● Work item
Below this sentence is a listing; return exactly its lines from the one with "12th Dec 2013 - magnolia" to the one with "Jack Russell puppies", both kept, and nothing more.

● Exercise materials
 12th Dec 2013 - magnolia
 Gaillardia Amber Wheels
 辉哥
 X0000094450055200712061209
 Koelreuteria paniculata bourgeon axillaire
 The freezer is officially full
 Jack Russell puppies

--

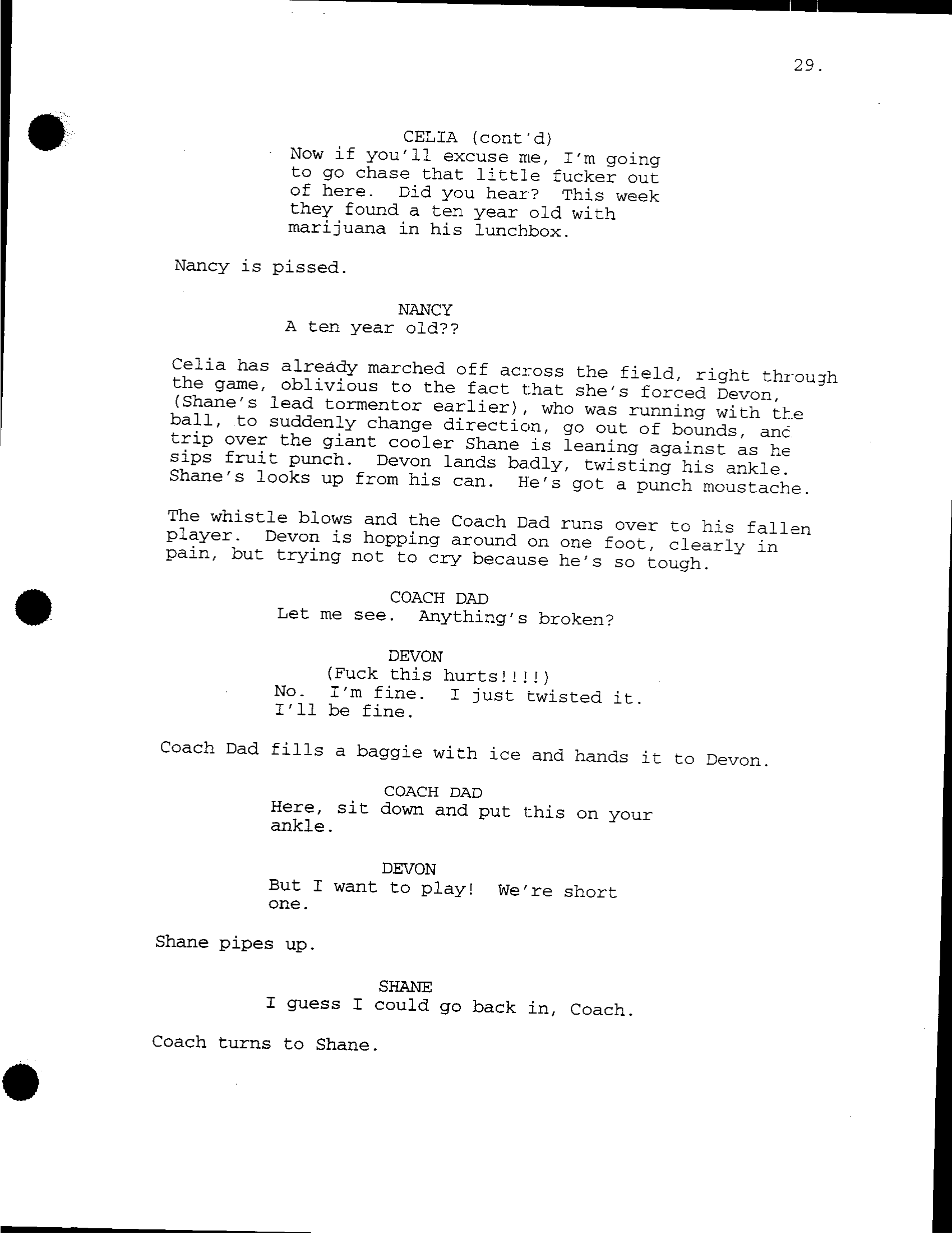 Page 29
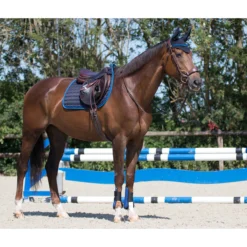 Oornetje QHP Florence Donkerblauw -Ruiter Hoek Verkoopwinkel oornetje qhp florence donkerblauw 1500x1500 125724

* * *

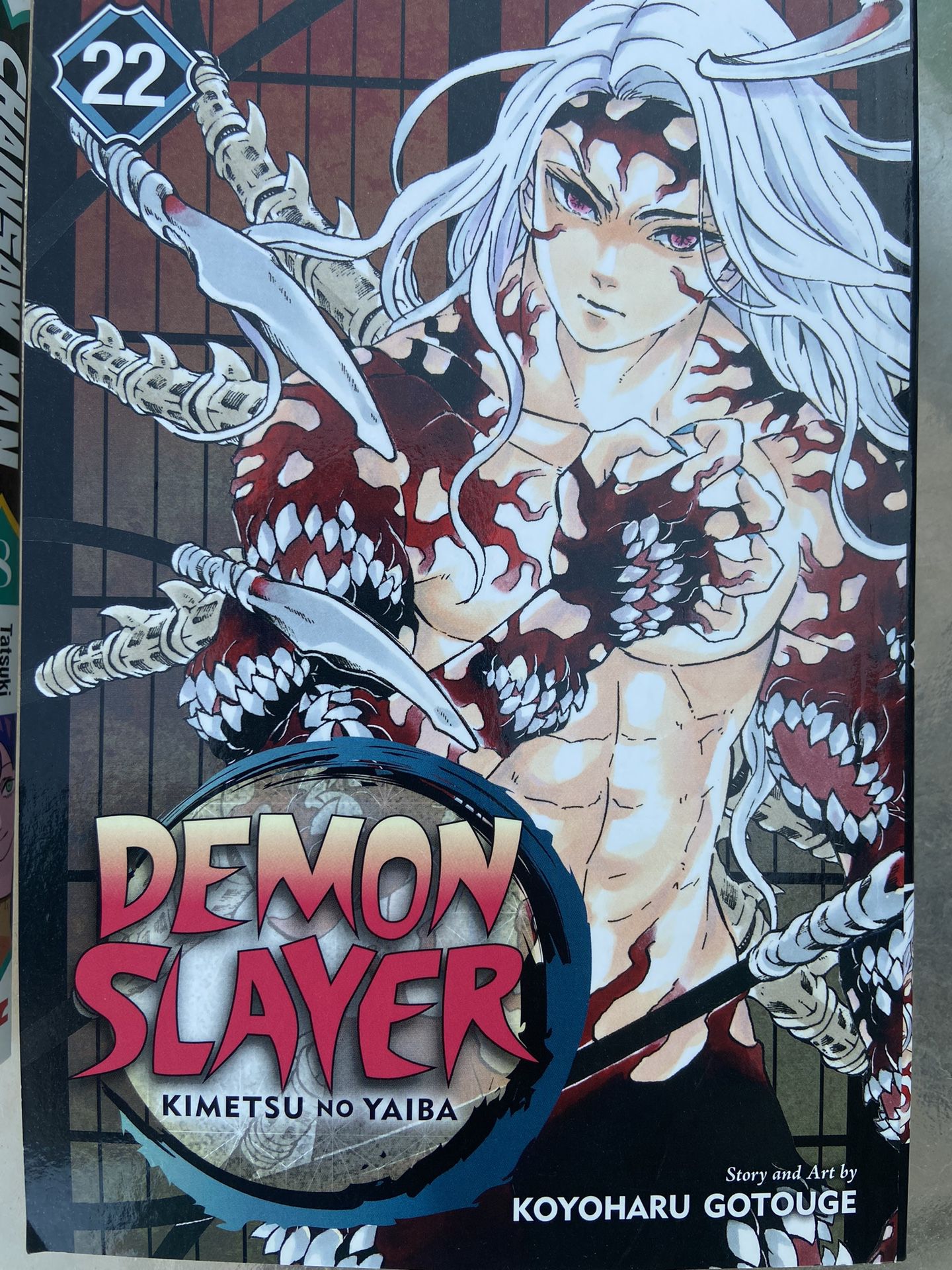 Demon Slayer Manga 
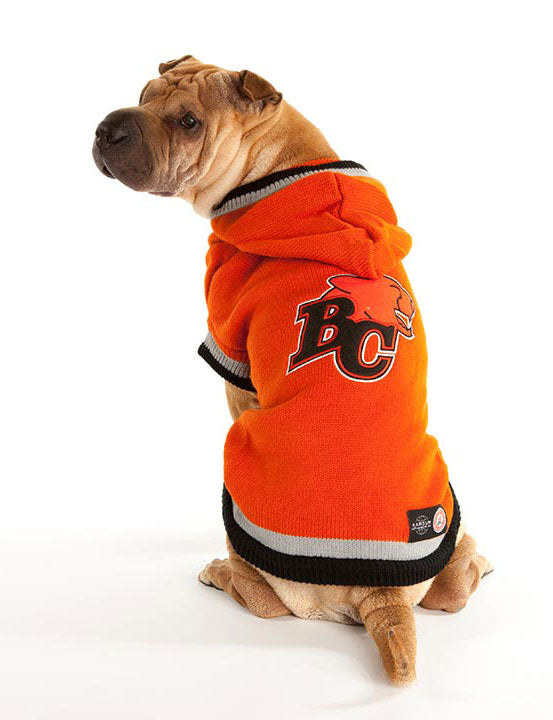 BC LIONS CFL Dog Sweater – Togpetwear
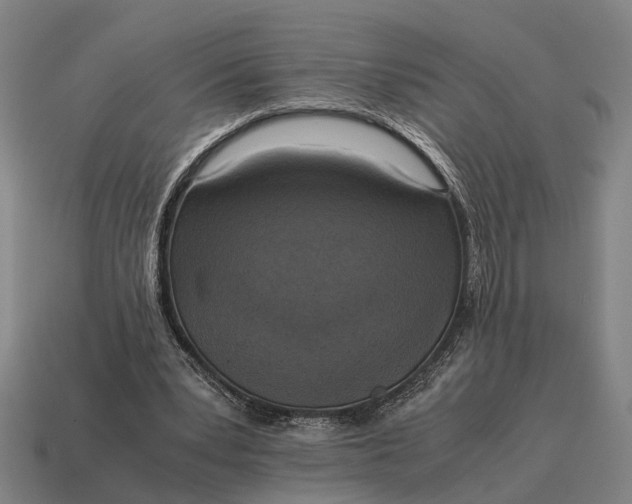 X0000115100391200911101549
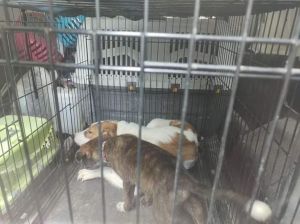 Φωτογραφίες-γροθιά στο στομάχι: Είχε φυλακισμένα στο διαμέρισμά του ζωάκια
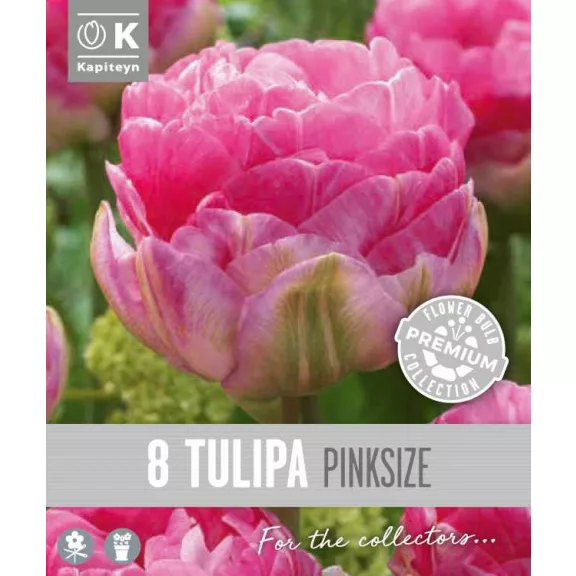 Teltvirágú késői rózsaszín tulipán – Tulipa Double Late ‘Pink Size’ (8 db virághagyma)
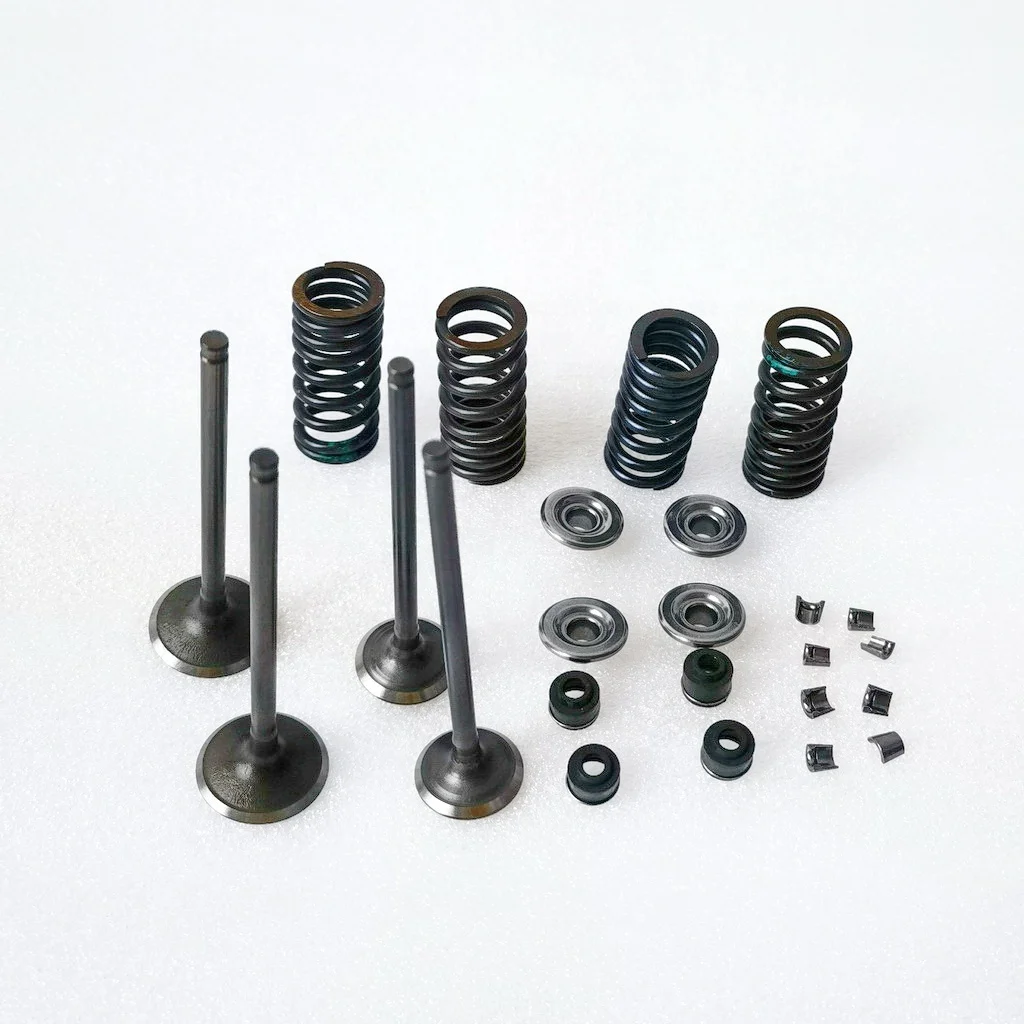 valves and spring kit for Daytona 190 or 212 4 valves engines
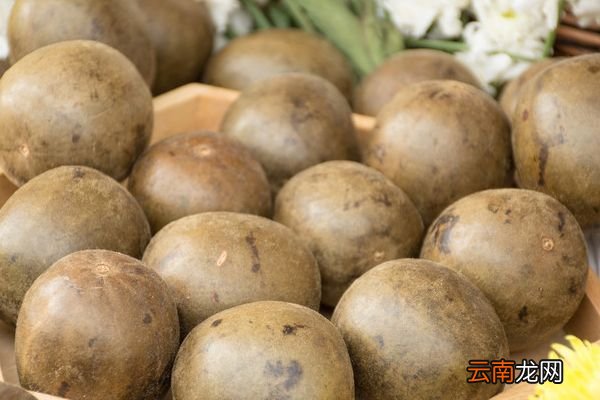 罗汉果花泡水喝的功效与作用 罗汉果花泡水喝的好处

● Exercise result
 12th Dec 2013 - magnolia
 Gaillardia Amber Wheels
 辉哥
 X0000094450055200712061209
 Koelreuteria paniculata bourgeon axillaire
 The freezer is officially full
 Jack Russell puppies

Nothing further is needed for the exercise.